-- Opening Marker --

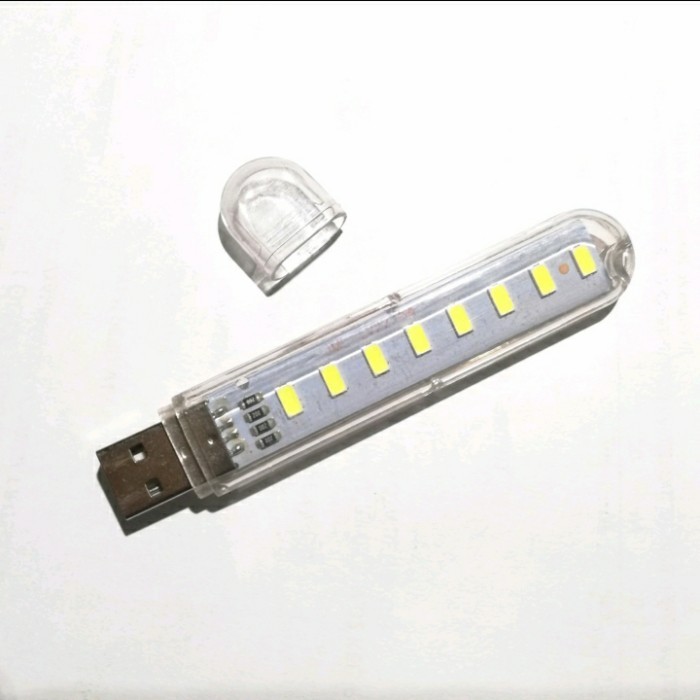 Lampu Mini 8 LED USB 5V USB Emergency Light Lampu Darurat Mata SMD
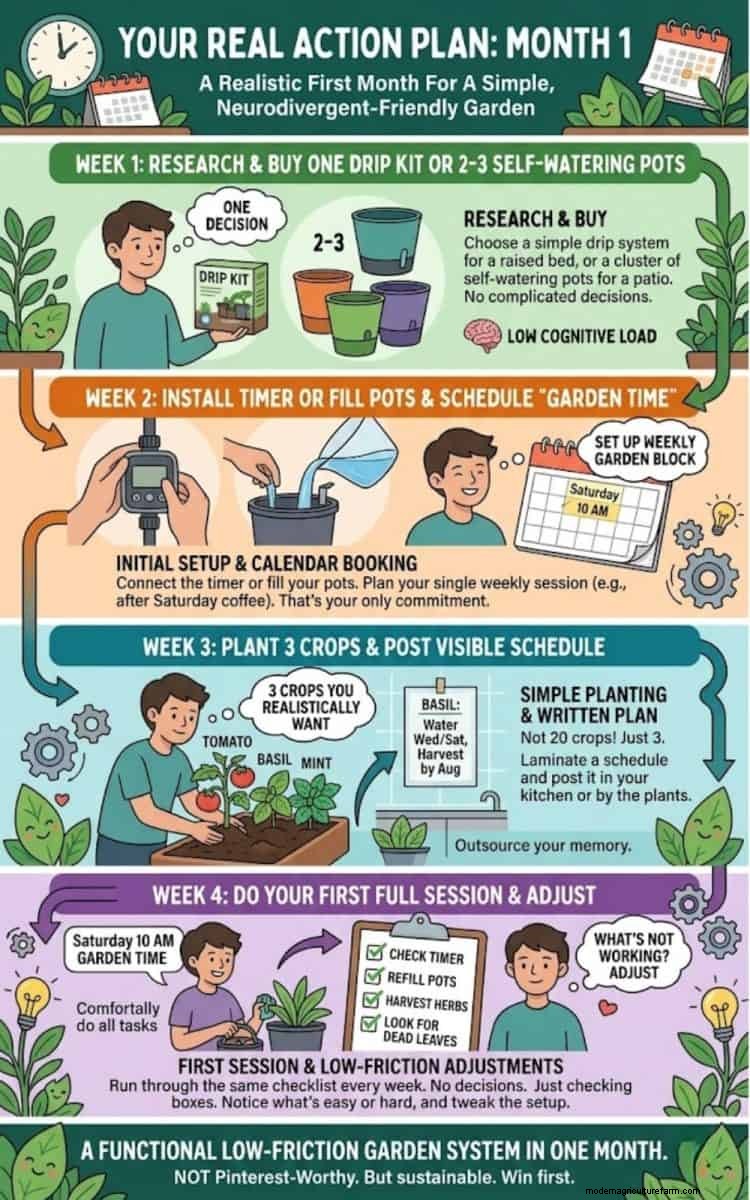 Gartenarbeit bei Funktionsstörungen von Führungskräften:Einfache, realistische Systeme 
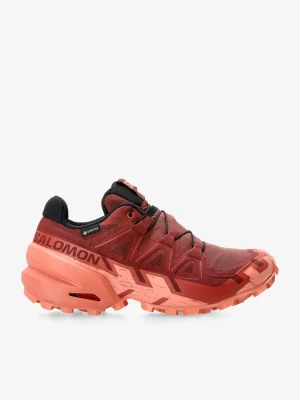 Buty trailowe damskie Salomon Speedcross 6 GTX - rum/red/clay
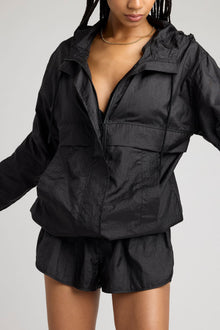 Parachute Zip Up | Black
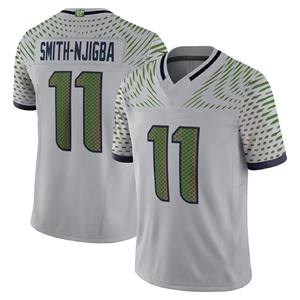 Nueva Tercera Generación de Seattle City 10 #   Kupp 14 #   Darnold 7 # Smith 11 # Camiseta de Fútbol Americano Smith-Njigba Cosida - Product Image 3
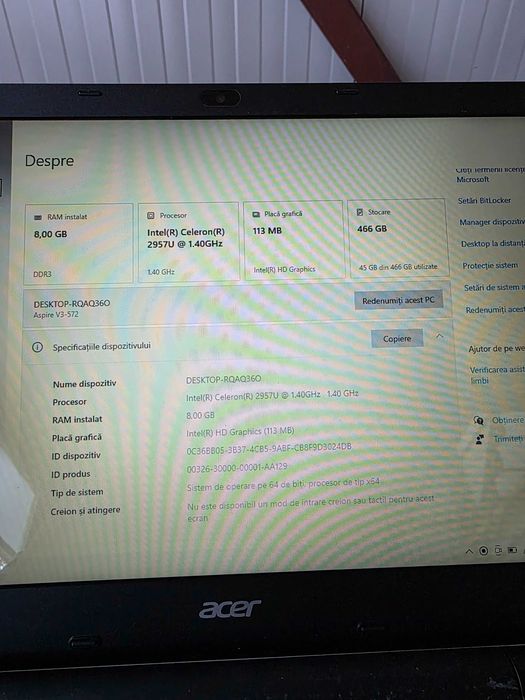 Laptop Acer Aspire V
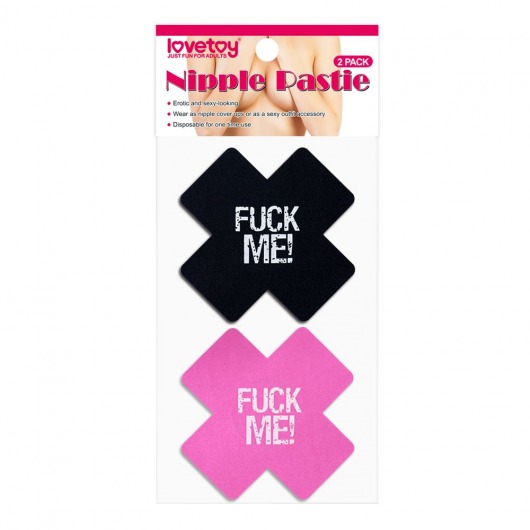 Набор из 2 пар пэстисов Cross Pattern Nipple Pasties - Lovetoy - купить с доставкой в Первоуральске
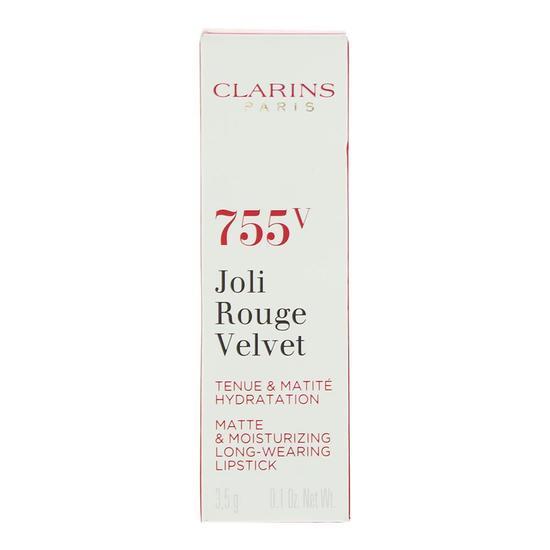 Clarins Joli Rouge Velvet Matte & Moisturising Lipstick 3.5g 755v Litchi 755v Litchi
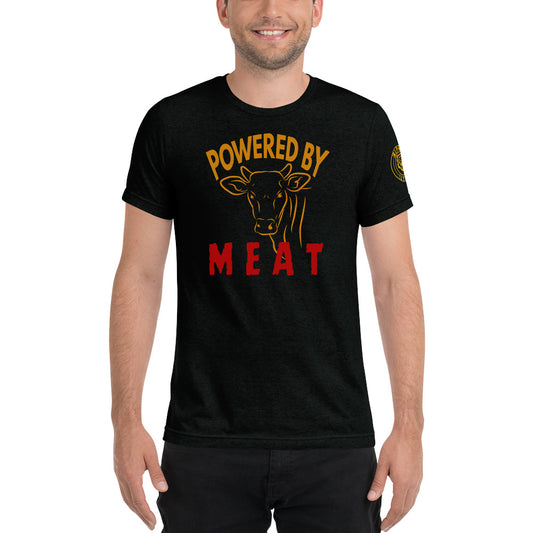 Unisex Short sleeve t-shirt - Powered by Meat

-- Closing Marker --
-- Opening Marker --

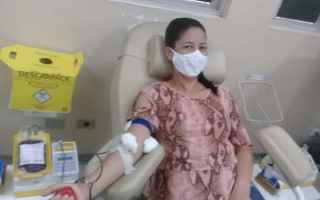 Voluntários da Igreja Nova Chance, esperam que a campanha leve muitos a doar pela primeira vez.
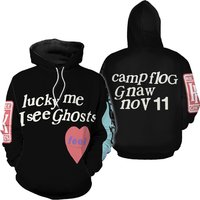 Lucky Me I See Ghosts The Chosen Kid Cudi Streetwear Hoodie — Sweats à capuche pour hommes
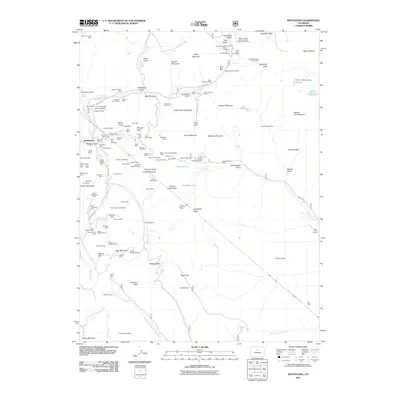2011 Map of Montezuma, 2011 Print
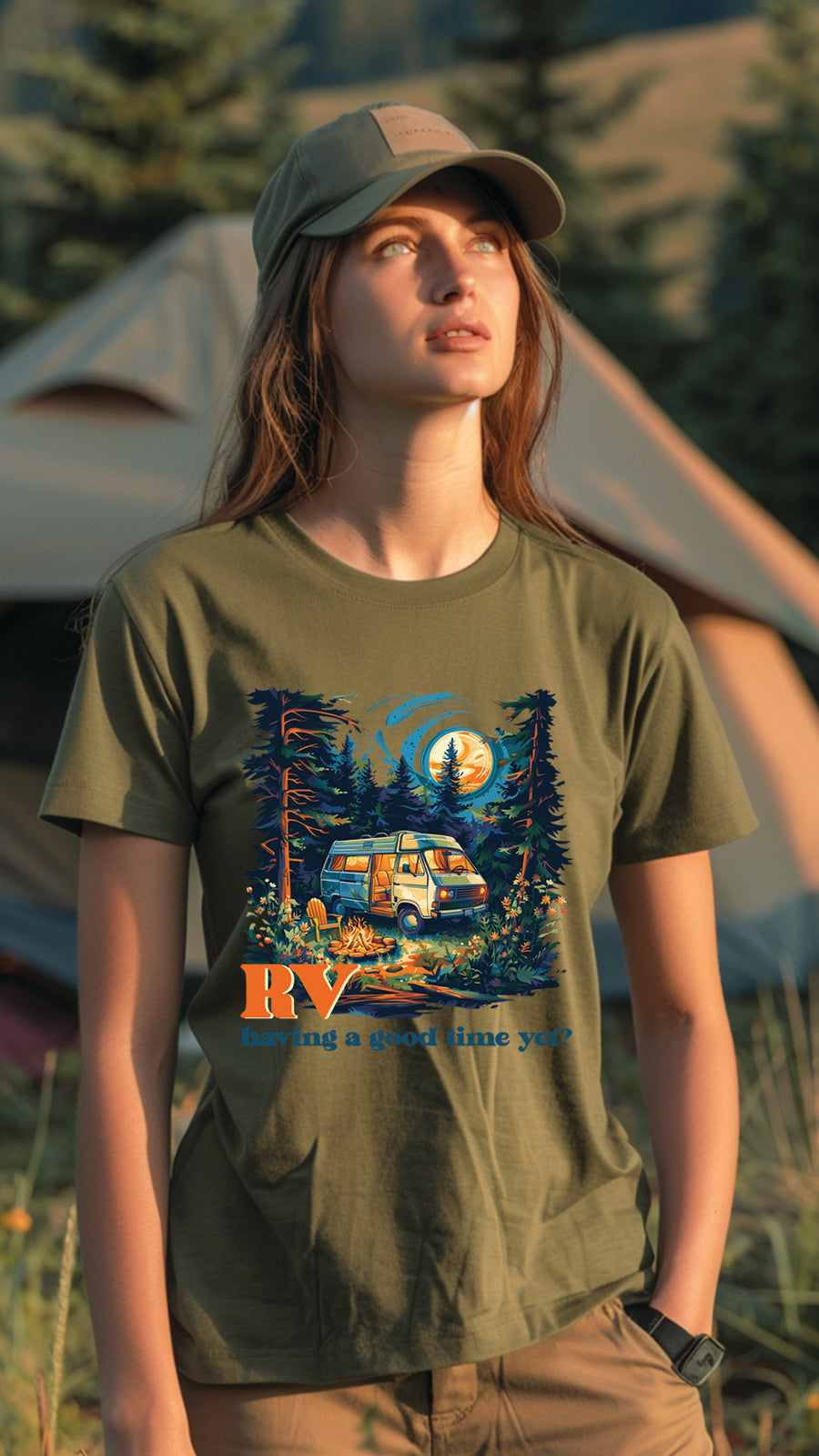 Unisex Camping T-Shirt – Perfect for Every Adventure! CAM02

-- Closing Marker --

▶ [Problem details]: Within the listing above, write out the stretch from the line with "Lucky Me I See" through the line with "Unisex Camping T-Shirt" exactly. Any pictures are to be left out.

▶ [Task response]:
 Lucky Me I See Ghosts The Chosen Kid Cudi Streetwear Hoodie — Sweats à capuche pour hommes
2011 Map of Montezuma, 2011 Print
 Unisex Camping T-Shirt – Perfect for Every Adventure! CAM02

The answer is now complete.